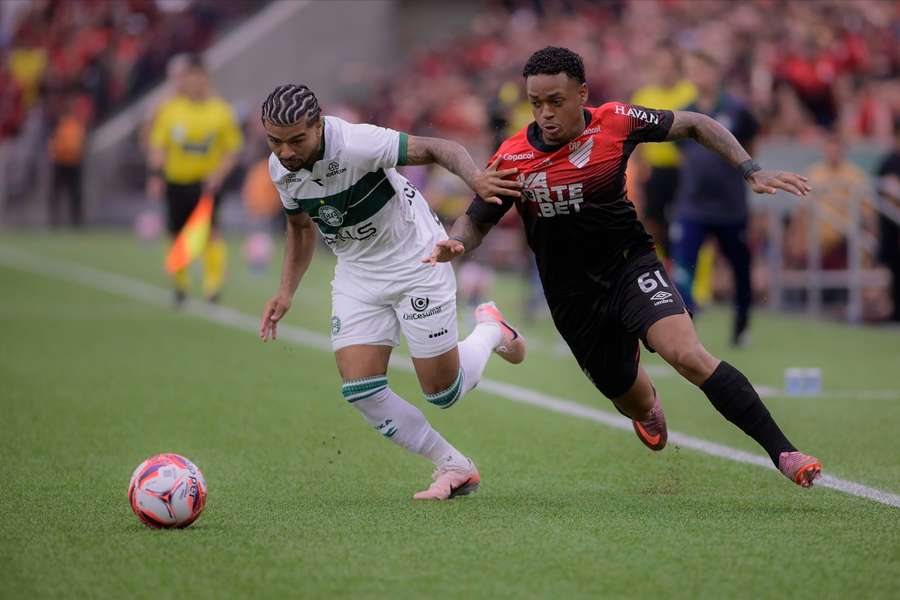Athletico-PR e Coritiba se enfrentaram no Paranaense e deu Coxa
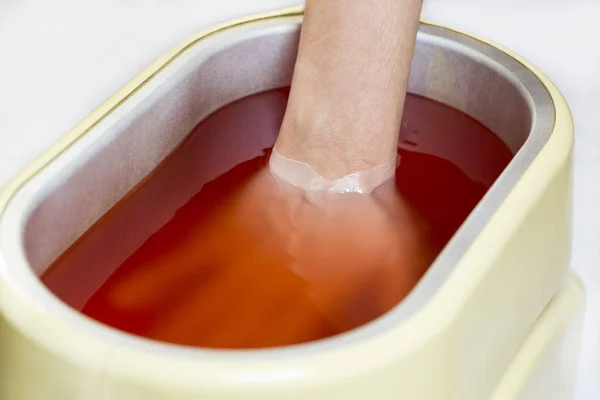 Process Paraffin Treatment Female Hands Beauty Salon — Stock Photo, Image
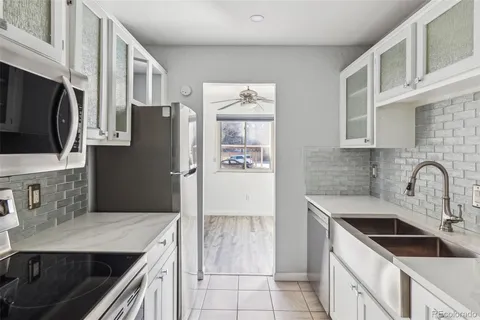 7995 E Mississippi Avenue Unit J1, Denver, CO 80247 - MLS#: 7352996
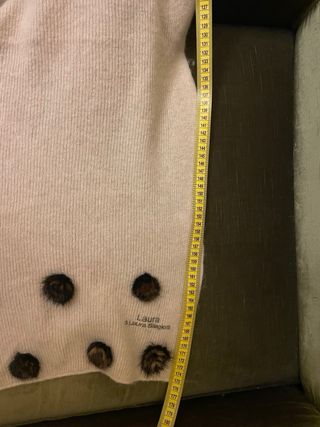 Sciarpa Laura Biagiotti Beige con Pompon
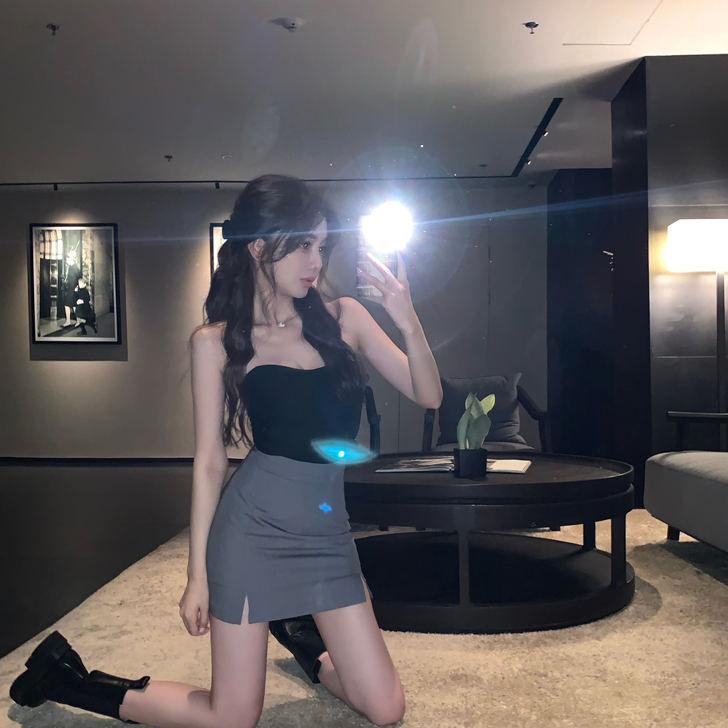 半身裙,几乎全新,胖咯穿不下。不皱透气布料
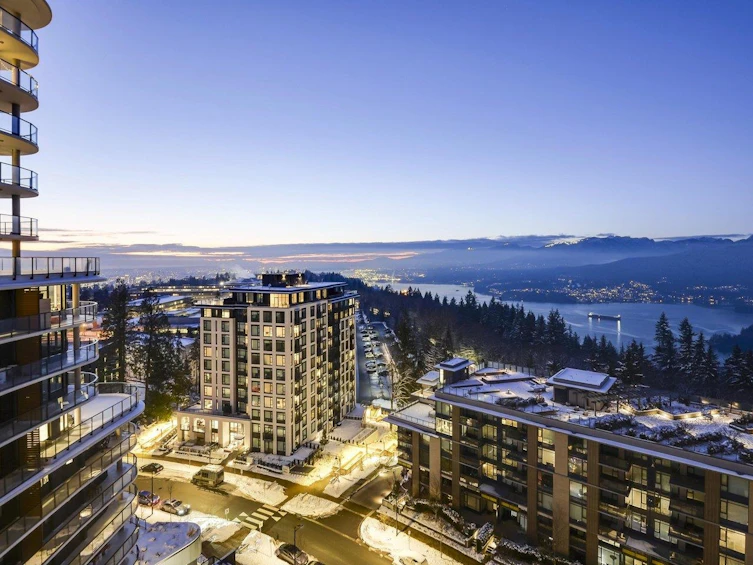 1402-8761 University Crescent, Burnaby, BC, V5A 0G3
══════════
--- PROBLEM ---
Nothing but the lines from the one with "半身裙,几乎全新,胖咯穿不下。不皱透气布料" through the last line of the material above should appear in the answer, each copied exactly, with no pictures.

--- YOUR SOLUTION ---
 半身裙,几乎全新,胖咯穿不下。不皱透气布料
 1402-8761 University Crescent, Burnaby, BC, V5A 0G3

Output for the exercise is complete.